Do I need to save the state_dict oof GradScaler?

Do I need to save the state_dict of torch.cuda.amp.GradScaler and reload it to resume training? The docs say it dynamically estimates the scale factor each iteration, so I never saved it. So, will model.load_state_dict and optimizer.load_state_dict suffice?

1 Like

If you want to restore the last scale factor (as well as the backoff and growth factor, if changed), then you should restore its state_dict.
Your training should also work without restoring the gradient scaler, but will most likely not reproduce the same results as a run without interruptions, as the new gradient scaler could skip iterations at different steps.

Hi @ptrblck Recently I encountered an interesting thing. When I trained my model, I didn’t save states of GradScaler, but saved optimizer states. Later I found that if I resumed training by loading the checkpoint, the performance was higher than continuing the training. The only difference I spot is that the GradScaler is newly created in the resumed session. So is it possible that if we recreate/reset GradScaler at each epoch, the performance would be actually higher than using the old GradScaler? Thanks.

I wouldn’t expect to see a difference in performance while using a new GradScaler.
In case you are recreating a new GradScaler, the first iteration(s) might have been skipped due to a high scaling factor, so your runs might be a bit different. You could thus check, if resuming the training in FP32 (i.e. without the GradScaler) and if resuming with the GradScaler` + skipping the same number of update steps would also yield a different performance.

Wow you replied so quickly. Thank you @ptrblck ! What if the first few iterations are not skipped, can I say that using a new scaler is equivalent to increasing the learning rate in the first few iterations? Seems there’s no warning message saying the gradients are scaled in the first few iterations…

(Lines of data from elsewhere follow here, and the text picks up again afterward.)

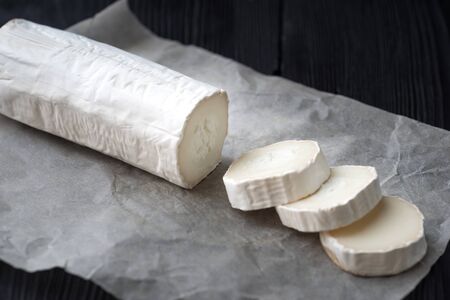 Delicious goat cheese slices and piece with red berries  on black wooden background. Luxurious culinary cheese still life.の写真素材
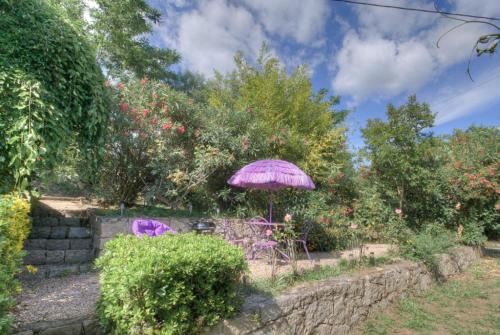 a purple umbrella in a garden with chairs and trees at A Pivarella in Grosseto-Prugna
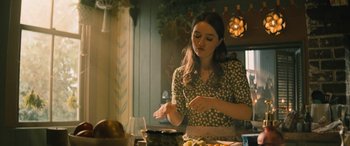 Movie still from “No One Will Save You” (2023), directed by Brian Duffield – A woman in a kitchen preparing food with a knife; Medium shot, Over the shoulder angle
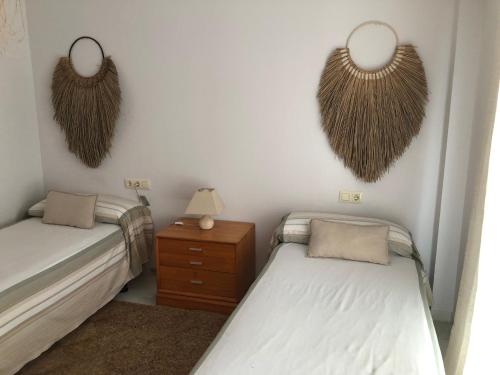 2 Betten in einem Zimmer mit Hörnern an der Wand in der Unterkunft Casa De La Luz in Tarifa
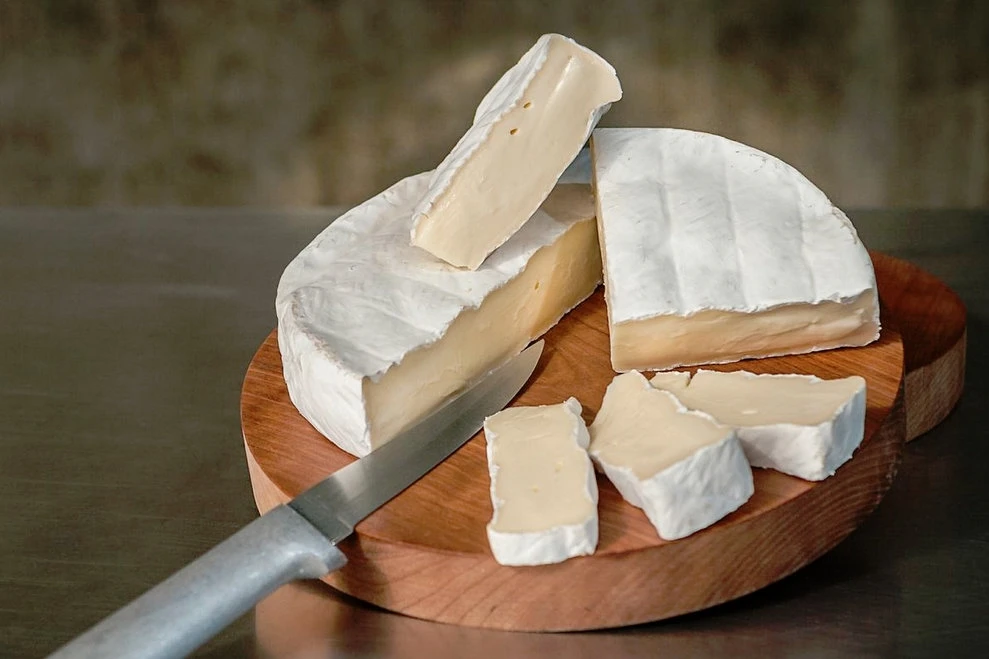 Moses Sleeper cheese from Jasper Hill Farm, Vermont, soft-ripened with white rind on wooden board.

No, the GradScaler would scale the loss, thus also the gradients, but the gradients would be unscaled before the optimizer.step() operation is performed. The loss scaling factor also has a growth_factor and growth_interval which would increase it after growth_interval steps were performed without a decrease by growth_factor. In case the scaling factor is low right before saving the checkpoint it could potentially benefit from a large factor again.